Remote files (Amazon S3, Http, etc.)
Often applications need to run tasks on remote data files, bds
can transparently handle remote data dependencies
In many cases data files may reside in non-local file systems, such as HTTP
or Amazon's S3
object storage.
Fortunately bds
can transparently handle remote dependencies, download the input files and upload the results without you having to write a single line of code.
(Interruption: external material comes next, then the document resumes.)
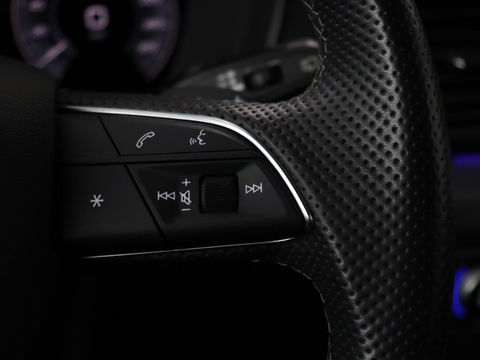 Audi Q5 50 TFSI e quattro S edition | Stoelverwarming | Adaptive cruise | Matrix LED | Half leder | Camera | Carplay | Sfeerverlichting | Sportstoelen | Navigatie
Example 1: In this example, the remote file index.html
is remote input file to the task
.
Obviously index.html
is hosted on GitHub's servers, thus not available on the computer where the script is running.
Before the command (cat
) is executed, the remote file is transparently downloaded by bds
.
in := 'http://pcingola.github.io/bds/index.html'
out := 'tmp.html'
task( out <- in ) sys cat $in > $out
Notice that:
- there is no code for downloading the remote file (`index.html`) in the script;
- the file is downloaded on the processing node performing the task, which may differ from the node running the script (e.g. if it is running on a cluster);
- task dependencies are verified without downloading data, so the task, as well as the corresponding download / upload operations, are only performed if required;
- if the file is required in the future, `bds` checks if the local (cached) copy is still valid, and uses the cached file if possible (saving bandwith and time).
Example 2: The following example is slightly more complicated, the input ('index.html') is processed (cat
and echo
commands) and the results are stored in an Amazon S3
object.
Once more, notice that bds
transparently takes care of downloading the file and then uploading the output to Amazon's S3.
in := 'http://pcingola.github.io/bds/index.html'
out := 's3://pcingola.bds/test_remote_12.txt'
task( out <- in ) {
sys cat $in > $out
sys echo "This line is appended to the file" >> $out
}